# Cable Provider Cablecard Hotline



## 36446 (May 19, 2011)

Comcast Cablecard Hotline: 1-877-405-2298

Verizon automated cablecard activation line: 1-888-897-7499 (Requires an activation code)

Anyone know any other Cable provider cablecard hotlines?


----------



## slowbiscuit (Sep 19, 2006)

That's the first I've seen of a CC number for Comcast in a long time, is that newly posted by them or is it the old one that quit working long ago?


----------



## jfh3 (Apr 15, 2004)

The number the OP listed is the new Xfinity/Comcast CableCARD self-install number.

I just picked up a self-install kit yesterday and that is the number in the doc. Haven't tried it yet, as I want to swap out a hard drive in the Premiere I use for OTA before I do, but the documentation Comcast provides has a page for Tivo and it's actually correct, so I hope the folks on the other end of the 877 number understand it.


----------



## myblubu (Nov 23, 2008)

Time Warner

CableCARD Technical Support Desk 1-866-606-5889

Mon - Fri 8:00 am to 11:00 pm (EST)
Sat - Sun 10:00 am to 11:00 pm (EST)


----------



## WhiskeyTango (Sep 20, 2006)

Thanks to those who posted the phone numbers. I had to have a CC re-paired after upgrading my HDD. The Comcast CSR was useless and had no idea what I needed and insisted I needed a tech visit. I found this thread and had the card paired in minutes. Unfortunately this phone number is nowhere to be found on Comcast's site.


----------



## jfh3 (Apr 15, 2004)

WhiskeyTango said:


> Unfortunately this phone number is nowhere to be found on Comcast's site.

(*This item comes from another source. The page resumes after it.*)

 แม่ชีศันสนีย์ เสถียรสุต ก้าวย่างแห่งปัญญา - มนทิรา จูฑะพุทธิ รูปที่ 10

The phone number only seems to be published in the instruction sheet included in Comcast's self-install kit.


----------



## veritas01 (Oct 17, 2006)

The 877-405-2298 number is in San Jose, Costa Rica. The reps speak English very well. They took information about the card and information from the TIVO pairing screen and put me on hold for a few minutes and came back and said...we sent the signal you should be ok. Check that you are getting stations (it takes time they say to get all stations but I should be able to see a few almost immediately). No dice. A few more tries. Still nothing...the message Please Wait Acquiring Channel Information. Ok...they try something else. On hold for a few minutes. Ok..try it now. Nope. Ok give it 45 minutes. But..I can't see anything and the TIVO Cable Card Status screen shows essentially all zeroes. Give it time. OK. After a few more calls it still didn't work. They suggested I either have a bad card or I need a technician to come to the house. So I get another card....same drill. I am sitting here...trying to decide whether I should call back or throw in the towel and call for a guy to come out. I am going to try the 855-479-4541 number first. Wish me luck.


----------



## MC Hammer (Jul 29, 2011)

veritas01 said:


> The 877-405-2298 number is in San Jose, Costa Rica. The reps speak English very well. They took information about the card and information from the TIVO pairing screen and put me on hold for a few minutes and came back and said...we sent the signal you should be ok. Check that you are getting stations (it takes time they say to get all stations but I should be able to see a few almost immediately). No dice. A few more tries. Still nothing...the message Please Wait Acquiring Channel Information. Ok...they try something else. On hold for a few minutes. Ok..try it now. Nope. Ok give it 45 minutes. But..I can't see anything and the TIVO Cable Card Status screen shows essentially all zeroes. Give it time. OK. After a few more calls it still didn't work. They suggested I either have a bad card or I need a technician to come to the house. So I get another card....same drill. I am sitting here...trying to decide whether I should call back or throw in the towel and call for a guy to come out. I am going to try the 855-479-4541 number first. Wish me luck.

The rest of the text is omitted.